L’hiſtoire du grand archipel de l’Amérique ne ſauroit être, ce ſemble, mieux terminée que par une récapitulation des avantages qu’il procure aux puiſſances, qui l’ont ſucceſſivement envahi. C’eſt uniquement par l’impulſion que ſes immenſes productions ont donnée au commerce, qu’il doit tenir une place éternelle dans les faſtes des nations ; puiſqu’enfin les richeſſes ſont le mobile des révolutions rapides, qui tourmentent le globe. Ce furent les colonies de l’Aſie mineure, qui amenèrent ſa ſplendeur & la chute de la Grèce. Rome, qui n’aima d’abord à dompter les peuples que pour les gouverner, s’arrêta dans ſa grandeur, quand elle eut ſous ſa main les tréſors de l’Orient. La guerre ſembla s’aſſoupir un moment en Europe, pour aller envahir le Nouveau-Monde ; & ne s’eſt depuis ſi ſouvent réveillée, que pour en partager les dépouilles. La pauvreté, qui ſera toujours le partage du grand nombre des hommes, & le choix du petit nombre de ſages, ne fait pas de bruit ſur la terre. Les annales de l’univers ne peuvent donc s’entretenir que de maſſacres ou de richeſſes.

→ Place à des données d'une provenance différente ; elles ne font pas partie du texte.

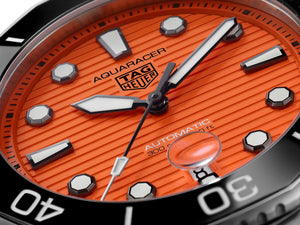 TAG Heuer Aquaracer Professional 300 Orange Diver Automatic (Orange Dial / 43mm)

Les iſles de l’autre hémiſphère, donnent annuellement quinze millions à l’Eſpagne ; huit au Danemarck ; trente à la Hollande ; quatre-vingt-deux à l’Angleterre ; cent vingt-ſix à la France. C’eſt donc environ deux cens ſoixante-un millions, que ſont vendues dans notre continent les productions recueillies dans des champs, qui étoient entièrement incultes il n’y a pas trois ſiècles.

Ce n’eſt pas un don que le Nouveau-Monde fait à l’ancien. Les peuples qui reçoivent ce fruit important du travail de leurs ſujets, établis en Amérique, livrent en échange, mais avec un avantage marqué, ce que leur ſol & leurs ateliers fourniſſent. Quelques-uns conſomment en totalité, ce qu’ils tirent de ces poſſeſſions éloignées ; les autres font de leur ſuperflu la baſe d’un commerce floriſſant avec leurs voiſins. Ainſi chaque nation propriétaire dans le Nouveau-Monde, quand elle eſt vraiment induſtrieuſe, gagne moins encore par le nombre des hommes qu’elle entretient au loin ſans aucuns frais, que par la population que lui procure au-dedans celle du dehors. Pour nourrir une colonie dans l’autre hémiſphère, il lui faut cultiver une province en Europe ; & ce ſurcroît d’occupation augmente ſa force intérieure, ſa richeſſe réelle. Tout le globe ſe reſſent de cette impulſion.

Les travaux des colons, établis dans ces iſles long tems méprisées, ſont l’unique baſe du commerce d’Afrique ; étendent les pêcheries & les défrichemens de l’Amérique Septentrionale ; procurent des débouchés avantageux aux manufactures d’Aſie ; doublent, triplent peut-être l’activité de l’Europe entière. Ils peuvent être regardés, comme la cauſe principale du mouvement rapide qui agite l’univers. Cette fermentation doit augmenter, à meſure que des cultures ſi ſuſceptibles d’extenſion approcheront davantage de leur dernier terme.